Net sales of $4.6 billion in the third quarter of 2019 increased more than 1
percent compared to the year-ago period. Changes in foreign currency exchange
rates reduced sales by 2 percent and business exits in conjunction with the 2018
Global Restructuring Program reduced sales slightly. Organic sales increased 4
percent. Changes in net selling prices and product mix increased sales by 4
percent and 1 percent, respectively, while sales volumes decreased 1 percent. In
North America, organic sales increased 4 percent in consumer products and 5
percent in K-C Professional. Outside North America, organic sales increased 5
percent in D&E markets and 1 percent in developed markets.
Operating profit in the third quarter was $915 in 2019 and $669 in 2018. Results
in both periods include charges related to the 2018 Global Restructuring
Program. Results in 2019 also include a pre-tax gain recorded in Other (income)
and expense, net of approximately $182 on the sale of a manufacturing facility
and associated real estate as part of the restructuring. Third quarter adjusted
operating profit was $859 in 2019 and $798 in 2018. Results benefited from
higher net selling prices, $50 of cost savings from our FORCE program and $45 of
cost savings from the 2018 Global Restructuring Program. Input costs decreased
$10, driven by lower raw material costs. Advertising spending increased and
selling, general and administrative costs were higher, including increased
incentive compensation expense. Other manufacturing costs also increased
year-on-year. Foreign currency translation effects reduced operating profit by
$15 and transaction effects also negatively impacted the comparison.
The third quarter effective tax rate was 22.8 percent in 2019 and 23.9 percent
in 2018. The third quarter adjusted effective tax rate was 21.5 percent in 2019
and 19.6 percent in 2018. The adjusted effective tax rate in 2018 benefited from
certain tax planning initiatives.
Our share of net income of equity companies in the third quarter was $31 in 2019
and $23 in 2018. At Kimberly-Clark de Mexico, S.A.B. de C.V. (K-C de Mexico),
results benefited from organic sales growth and cost savings.
Diluted net income per share for the third quarter of 2019 was $1.94 and $1.29
in 2018. Third quarter adjusted earnings per share were $1.84 in 2019, an
increase of 8 percent compared to adjusted earnings per share of $1.71 in 2018.

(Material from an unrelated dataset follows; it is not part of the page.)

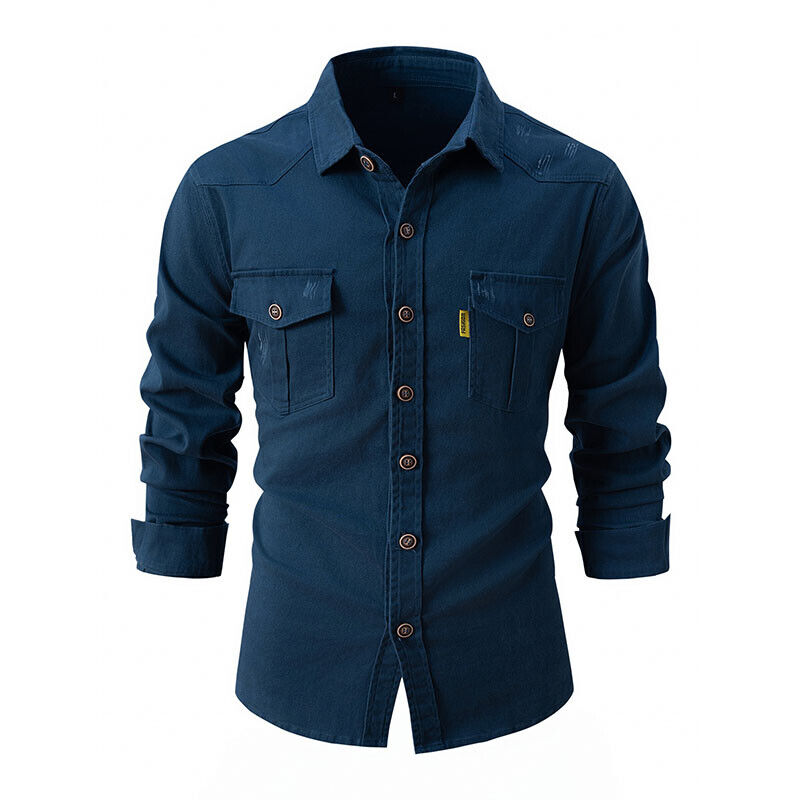 Men's Cargo Shirt - Button-Down with Chest Pockets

Year-to-date net sales of $13.9 billion were down slightly compared to the year
ago period. Changes in foreign currency exchange rates reduced sales by 4
percent and business exits in conjunction with the 2018 Global Restructuring
Program reduced sales slightly. Organic sales increased 4 percent. Changes in
net selling prices and product mix increased sales by 4 percent and 1 percent,
respectively, while sales volumes fell 1 percent. Year-to-date operating profit
was $2,240 in 2019 and $1,590 in 2018. Results in both periods include charges
related to the 2018 Global Restructuring Program. Results in 2019 also include a
gain recorded in Other (income) and expense, net on the sale of a manufacturing
facility and associated real estate which were disposed of as part of the
restructuring. Year-to-date adjusted operating profit was $2,455 in 2019 and
$2,396 in 2018. Results benefited from organic sales growth, $175 of FORCE cost
savings and $125 of cost savings from the 2018 Global Restructuring Program. The
comparison was impacted by $205 of higher input costs, unfavorable currency
effects, other manufacturing cost increases, increased advertising spending and
higher general and administrative costs. Through nine months, diluted net income
per share was $4.65 in 2019 and $2.85 in 2018. Year-to-date adjusted earnings
per share were $5.18 in 2019 and $5.01 in 2018.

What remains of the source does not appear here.